[DATASET RECORDS Boundary: Start]

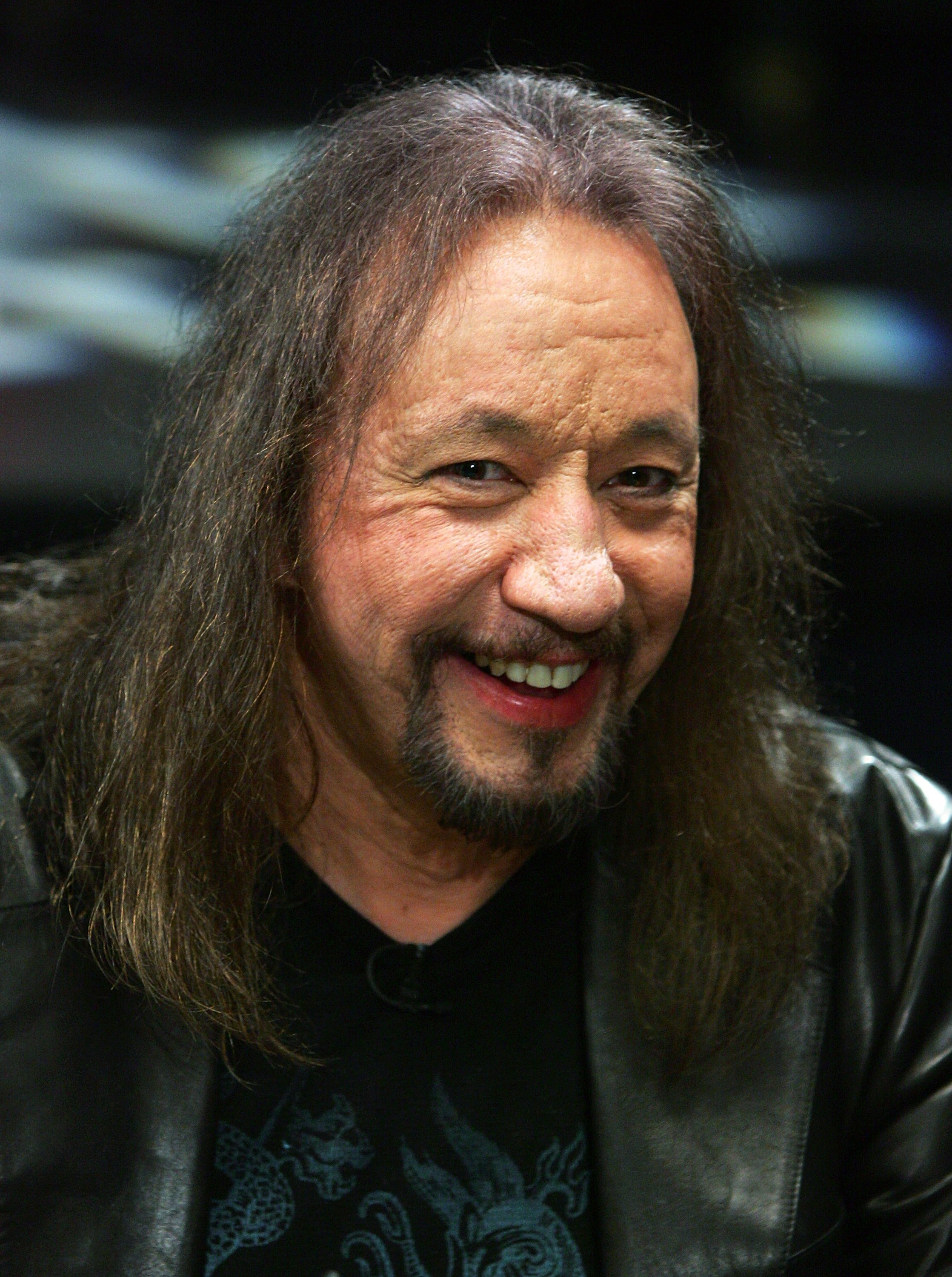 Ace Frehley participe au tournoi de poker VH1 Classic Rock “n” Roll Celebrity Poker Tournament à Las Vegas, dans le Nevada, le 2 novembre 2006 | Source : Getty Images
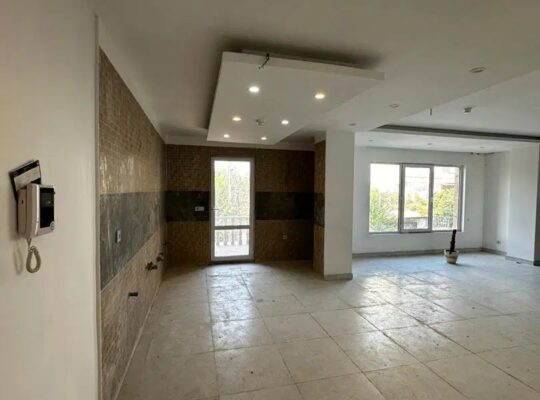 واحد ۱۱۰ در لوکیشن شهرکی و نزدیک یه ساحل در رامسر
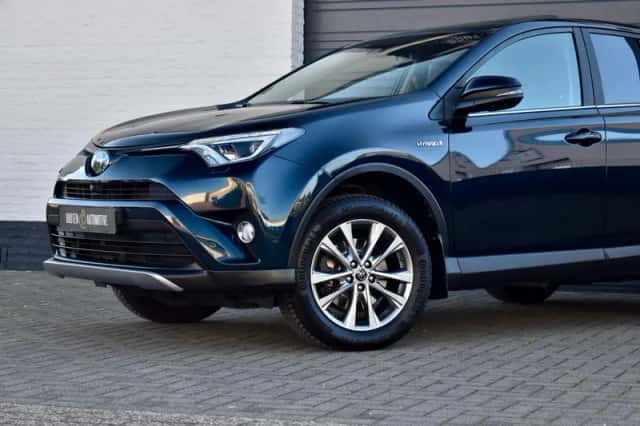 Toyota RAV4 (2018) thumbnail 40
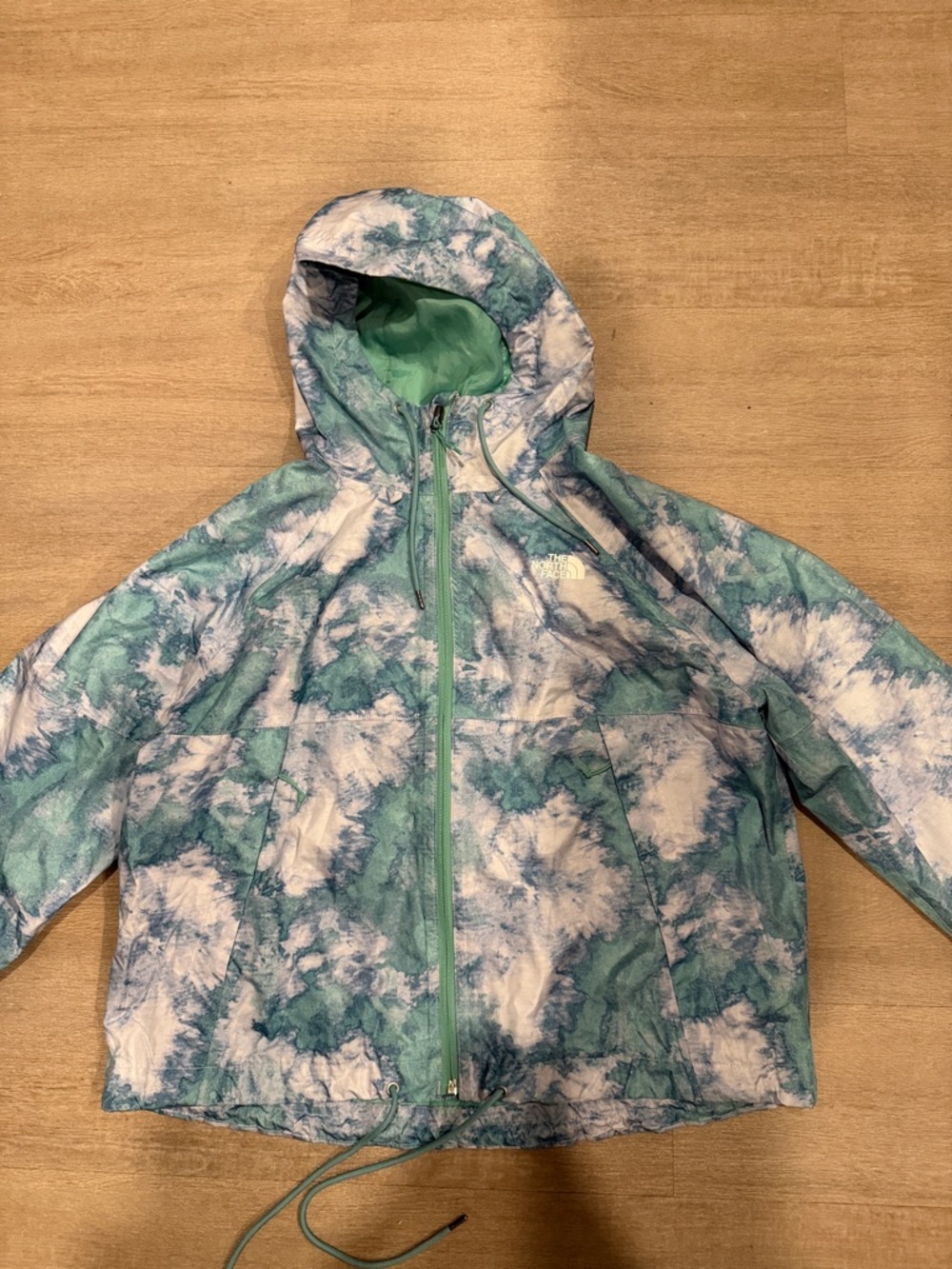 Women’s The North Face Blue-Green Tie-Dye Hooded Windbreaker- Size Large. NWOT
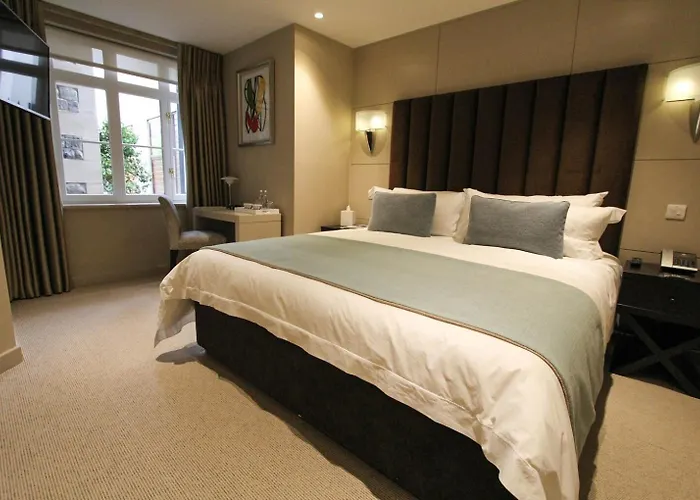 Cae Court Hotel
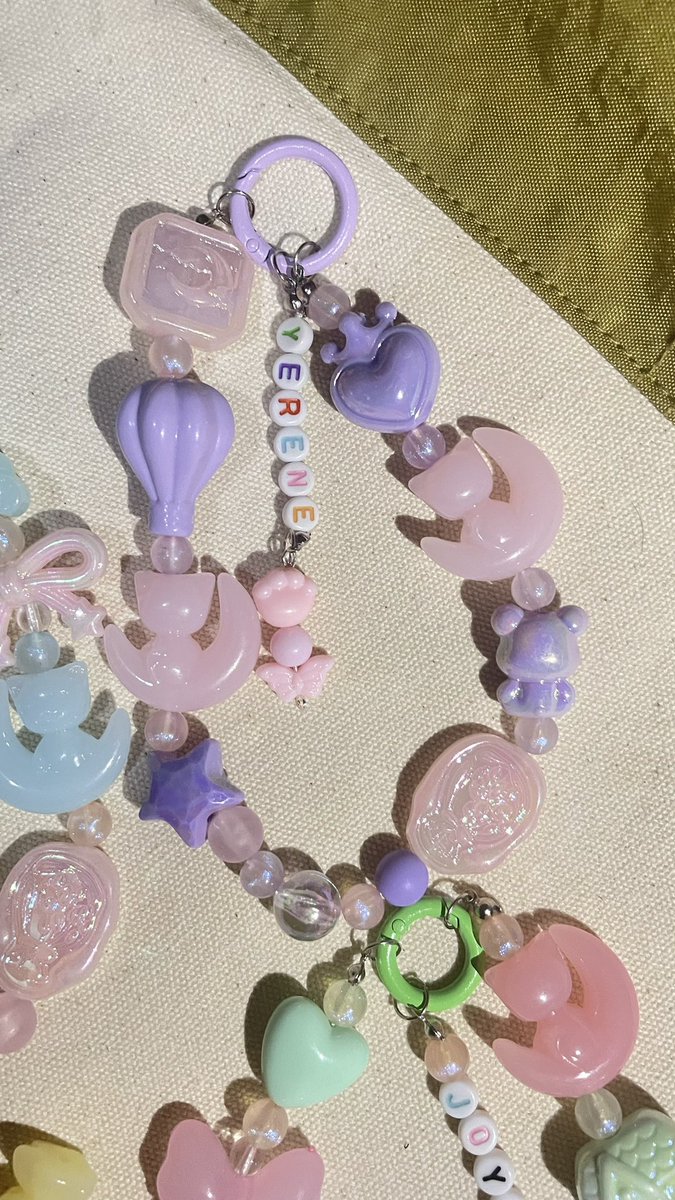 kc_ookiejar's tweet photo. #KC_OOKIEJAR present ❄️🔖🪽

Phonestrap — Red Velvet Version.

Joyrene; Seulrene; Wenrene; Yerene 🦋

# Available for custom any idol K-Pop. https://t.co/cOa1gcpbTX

[DATASET RECORDS Boundary: End]

» GOAL OF THE EXERCISE
Beginning with the first line of the records above, extract each line exactly through the line that holds "Phonestrap — Red Velvet Version.", both ends included. Omit pictures.

» REPLY
 Ace Frehley participe au tournoi de poker VH1 Classic Rock “n” Roll Celebrity Poker Tournament à Las Vegas, dans le Nevada, le 2 novembre 2006 | Source : Getty Images
 واحد ۱۱۰ در لوکیشن شهرکی و نزدیک یه ساحل در رامسر
 Toyota RAV4 (2018) thumbnail 40
 Women’s The North Face Blue-Green Tie-Dye Hooded Windbreaker- Size Large. NWOT
 Cae Court Hotel
 kc_ookiejar's tweet photo. #KC_OOKIEJAR present ❄️🔖🪽

Phonestrap — Red Velvet Version.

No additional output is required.